_Task_
Write out the listing verbatim. No pictures belong in it.

_Data to use_
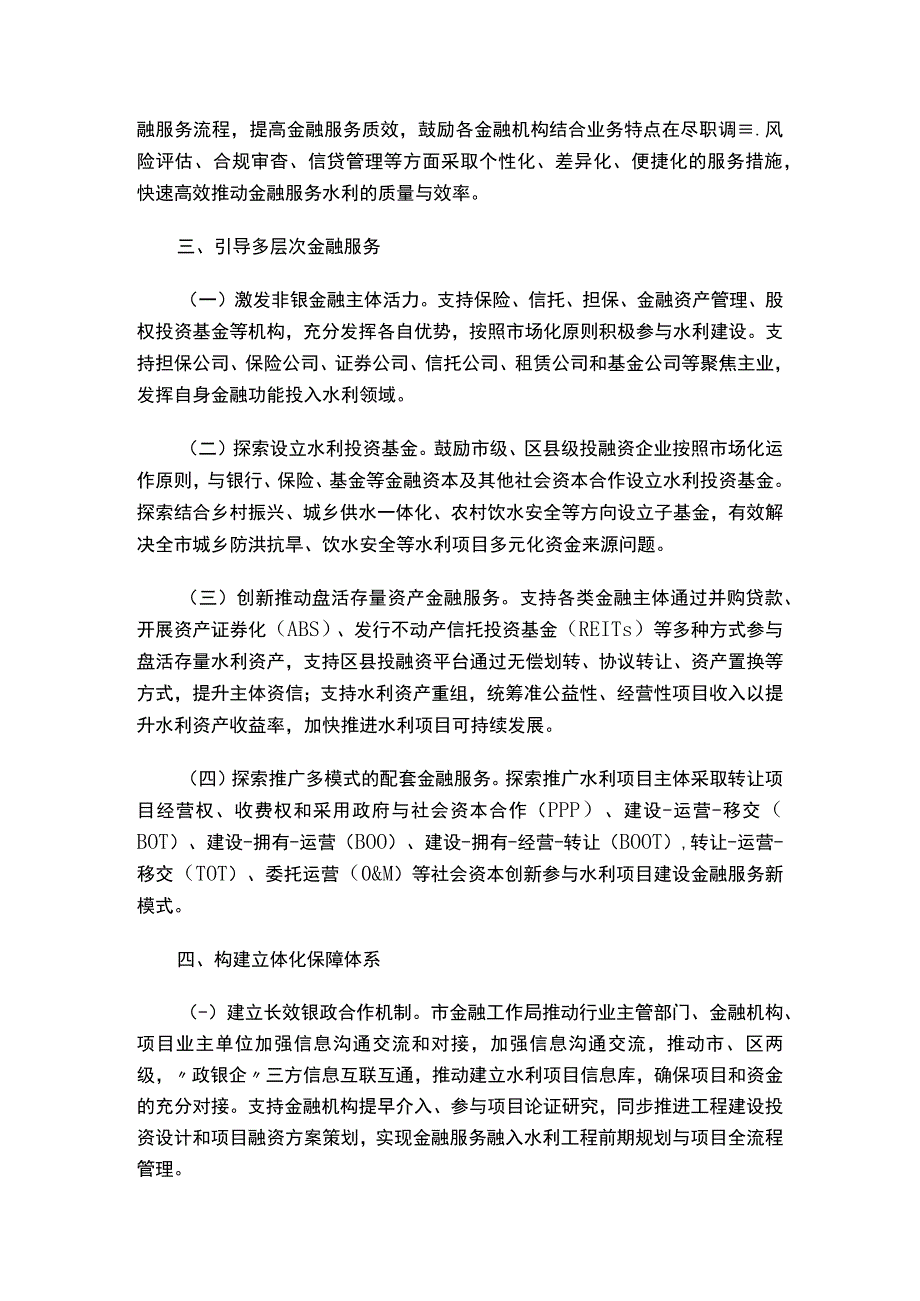 关于印发《重庆市深入推进金融服务水利基础设施高质量发展若干措施》的通知.docx_第3页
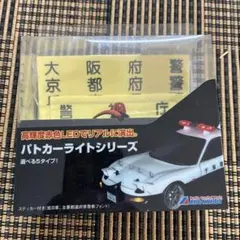 Item thumbnail for item 47a17a1c-b4a9-45ef-b165-78905393a0b2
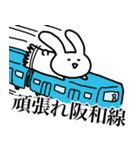 うさぎのうさぎ3（個別スタンプ：11）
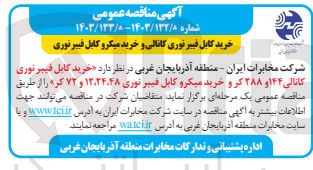 تصویر کوچک آگهی خرید میکرو کابل فیبرنوری 48،24،12 و 72 کر 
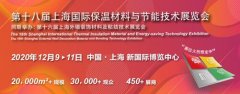 搶占疫情后市場先機，2020上海保溫展火熱招展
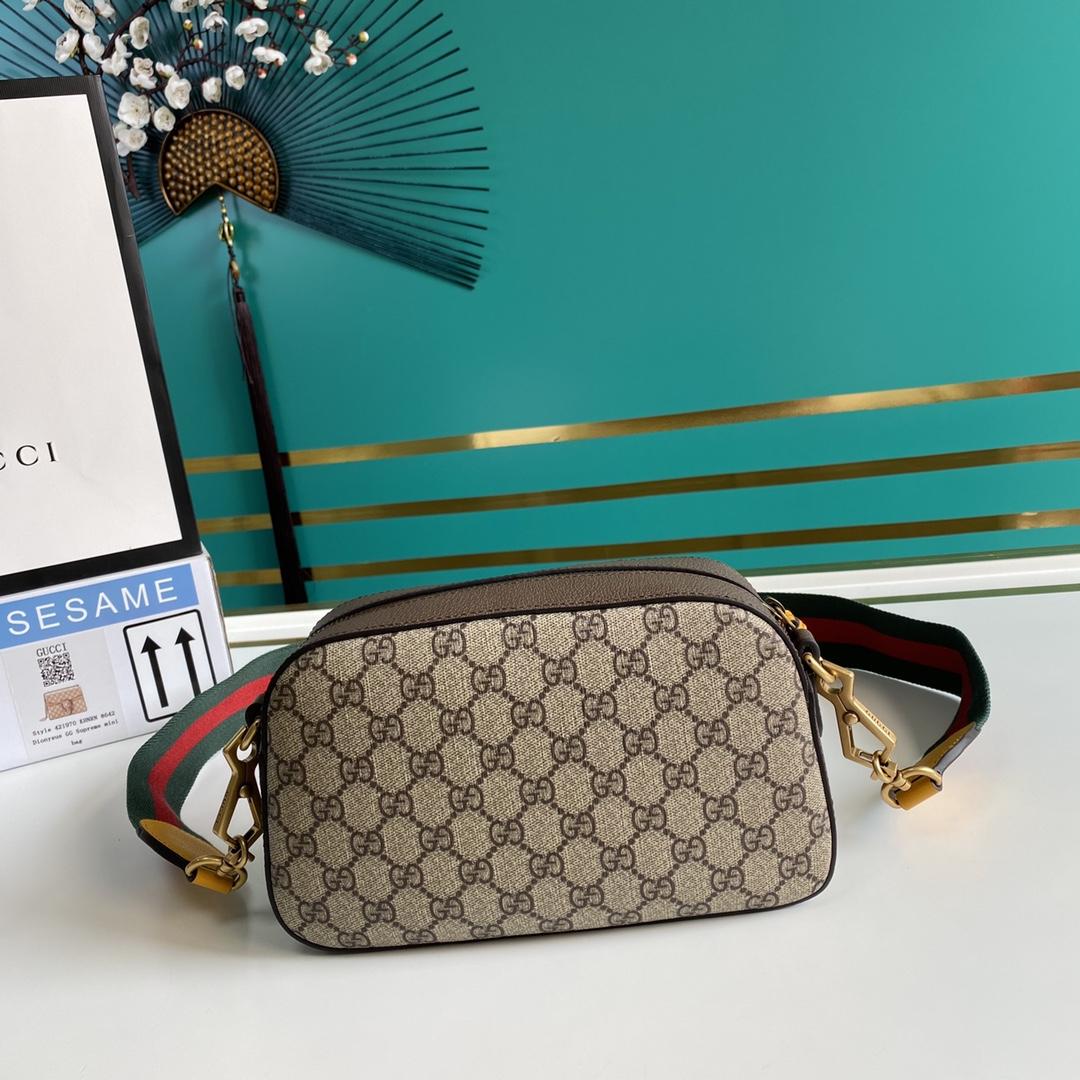 Gucci Neo Vintage GG Supreme Messenger Bag(24-15-7.6cm)   - FashionPlug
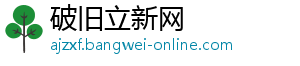 破旧立新网_分享热门信息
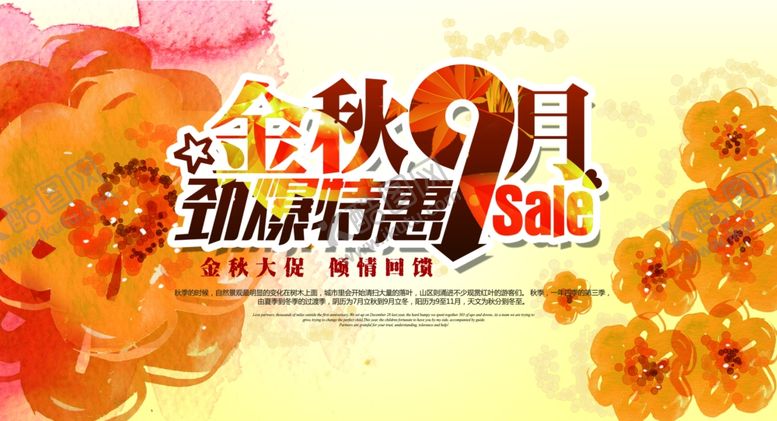 编号：17561706172358361765【酷图网】源文件下载-超市海报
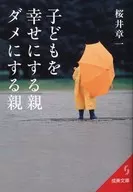 子どもを幸せにする親、ダメにする親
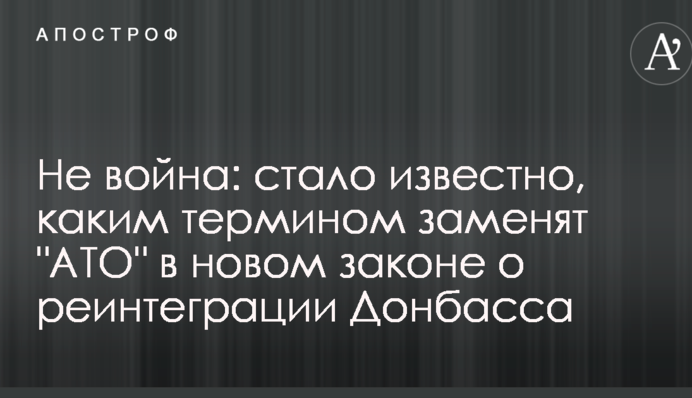 Не война: стало известно, каким термином заменят "АТО" в новом законе о реинтеграции Донбасса
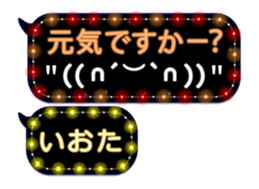 326106729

_Your response_
 关于印发《重庆市深入推进金融服务水利基础设施高质量发展若干措施》的通知.docx_第3页
 Item thumbnail for item 47a17a1c-b4a9-45ef-b165-78905393a0b2
 うさぎのうさぎ3（個別スタンプ：11）
 تصویر کوچک آگهی خرید میکرو کابل فیبرنوری 48،24،12 و 72 کر 
 搶占疫情后市場先機，2020上海保溫展火熱招展
 Gucci Neo Vintage GG Supreme Messenger Bag(24-15-7.6cm)   - FashionPlug
 破旧立新网_分享热门信息
 编号：17561706172358361765【酷图网】源文件下载-超市海报
 子どもを幸せにする親、ダメにする親
 Не война: стало известно, каким термином заменят "АТО" в новом законе о реинтеграции Донбасса
 326106729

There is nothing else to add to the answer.